Civilisation Quotes - page 4
It is scarcely possible to calculate the benefits which we might derive from the diffusion of European civilisation among the vast population of the East. It would be, on the most selfish view of the case, far better for us that the people of India were well governed and independent of us, than ill governed and subject to us; that they were ruled by their own kings, but wearing our broadcloth, and working with our cutlery, than that they were performing their salams to English collectors and English magistrates, but were too ignorant to value, or too poor to buy, English manufactures. To trade with civilised men is infinitely more profitable than to govern savages. That would, indeed, be a doting wisdom, which, in order that India might remain a dependency, would make it an useless and costly dependency, which would keep a hundred millions of men from being our customers in order that they might continue to be our slaves.
Thomas Babington Macaulay
The evils of a military system, which, after all, every day must attenuate, are light compared with the evils of an anarchic conservatism reinstated in central Europe.

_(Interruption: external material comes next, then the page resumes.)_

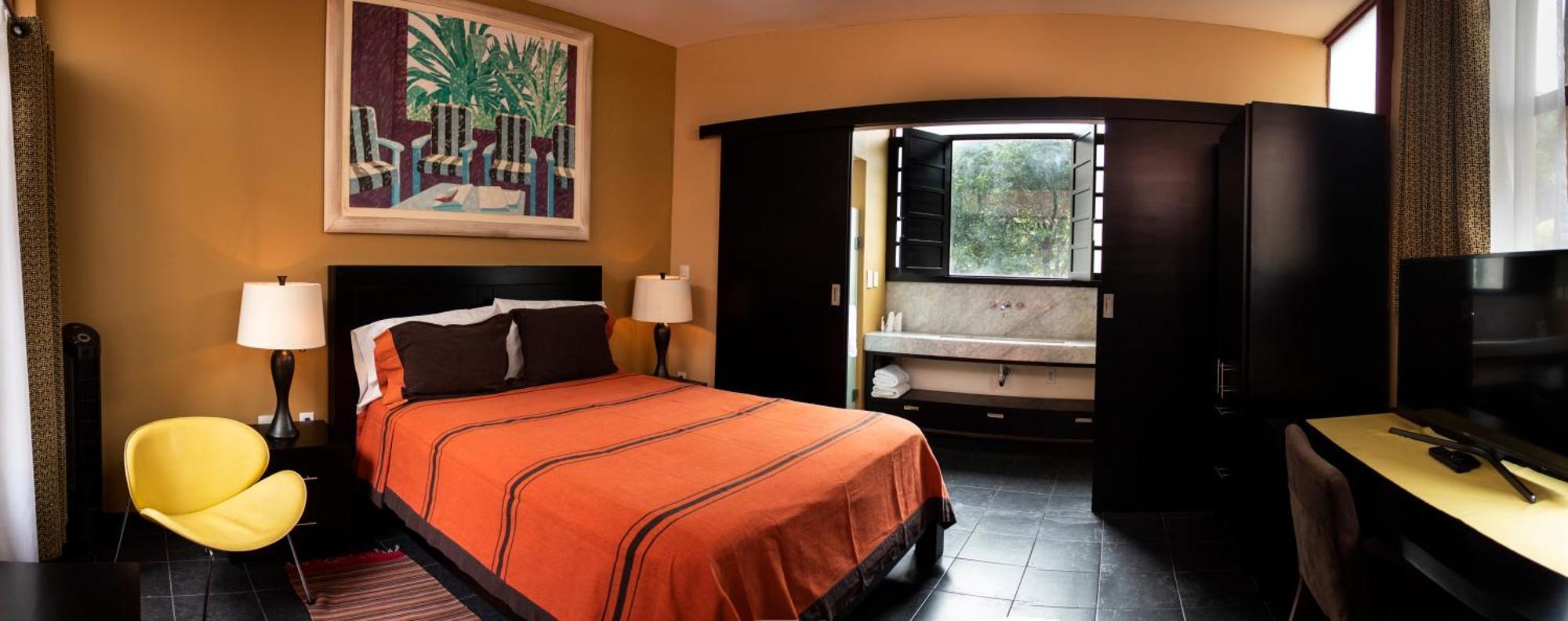 The Red Tree House Bed and breakfast *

Divided Germany means preponderating Russia. What can be more desirable in the interests of the highest civilisation than the interposition in the heart of the European state-system, of a powerful, industrious, intelligent, and progressive people, between the western nations and the half-barbarous Russian swarms? To the careful observer of the history of modern Europe it is plain that increasing vigour and self-conscious strength in Germany are other words for the spread eastwards of the best of those ideas, the most durable of those civilising elements, in which the difference of historic development has enabled England and France to anticipate her.